An order was made committing the minor to [Particulars Withheld] Probation Girl’s School. It however turned out that the institution was no longer admitting children in need of care and protection. On being notified of that fact the trial magistrate reviewed the earlier order and recommended the arrest and prosecution of the applicants suo moto. A parent contributing to a child being in need of care and protection is an offence.  A court has the discretion to direct that a person be charged if there is evidence.  Evidence presented before the court by the Social/Probation/Children’s Officer absolved the applicants from blame.  Failure to visit the child at the police station could be deemed to be neglect if conditions upon which the order was made were explained to the parents and they deliberately failed to comply.

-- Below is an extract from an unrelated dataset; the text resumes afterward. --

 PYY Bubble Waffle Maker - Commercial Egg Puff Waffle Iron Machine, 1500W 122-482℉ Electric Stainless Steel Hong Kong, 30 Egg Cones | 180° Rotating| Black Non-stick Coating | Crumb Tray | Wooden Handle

It would therefore be unjust to claim that the applicants be prosecuted for not appearing in court.  The applicants were therefore condemned unheard which is against the rules of natural justice. In the Court of Appeal case of Prime Sart Works Ltd –vs- Kenya Industrial Plastics Ltd(2001) E.A 528 it was observed that:

“…implicit in the concept of fair adjudication lie the cardinal principles namely that no man shall be judge of his own cause and no man shall be condemned unheard, that these principles of natural justice must be observed by the courts save where their application is expressly excluded”.

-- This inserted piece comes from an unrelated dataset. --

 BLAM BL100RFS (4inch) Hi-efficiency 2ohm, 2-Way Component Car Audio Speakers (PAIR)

The order was made without any consideration of what the applicant would explain.  This was indeed prejudicial to them and therefore against the rules of natural justice.

Be as it may, the Notice of Motion is brought pursuant to the provisions of Order 53 of the Civil Procedure Rules which provides for applications for judicial review that emanate from a special jurisdiction. It has been argued and rightly so in my view that these proceedings are fatally defective for non-compliance with the mandatory procedural law.  Judicial Review proceedings are neither civil nor criminal; they are by their nature special.  That jurisdiction is donated to this court by Sections 8 and 9 of the Law Reform Act. The laid out procedure must be followed. In the case of Jotham Mulati Welamandi vs The Electoral Commission of Kenya.  Bungoma H.C. Misc. Appl. No. 81 of 2002(2002) eKLR 486.  Ringera j (as he then was)expressed himself thus;

“Prerogative orders are issued in the name of the crown and applications for such orders must be correctly intituled and however, as we have already demonstrated, judicial review proceedings do not fall in that category.  Accordingly, the orders of Certiorari, Mandamus or Prohibition are issued in the name of the Republic and applications therefore are made in the name of the Republic at the instance of the person affected by the action or omission in issue and the proper format of the substantive motion for Mandamus is:-

“REPUBLIC……………………………APPLICANT

V

THE ELECTORAL COMMISSION OF KENYA……..………..…RESPONDENT

EX PARTE

JOTHAM MULATI WELAMONDI”

In another case of Republic V Chairman, Kajiado Central Land Tribunal & 2 Others Exparte Timaiyo Kirtari (2012) eklr, Makhandia J. (as he was then) held thus:

“This being as special jurisdiction and with a mandatory procedure, failure to comply with the mandatory procedural law is not a technicality that can be cured under either the constitution and or “the double O” principle.  In any event the “the double O” principle would apply to civil proceedings.”

As stated in the aforestated persuasive authority the applicants in this case ought to have been “ex-parte applicants.”  The Applicant should have been the Republic as the orders to be issued would have been in the name of the State/Republic.  This application having fallen short of the required mandatory procedure it must fail.

Accordingly, the application is dismissed with no orders as to costs.

Dated and Delivered at Machakos this 6THday of MAY, 2015.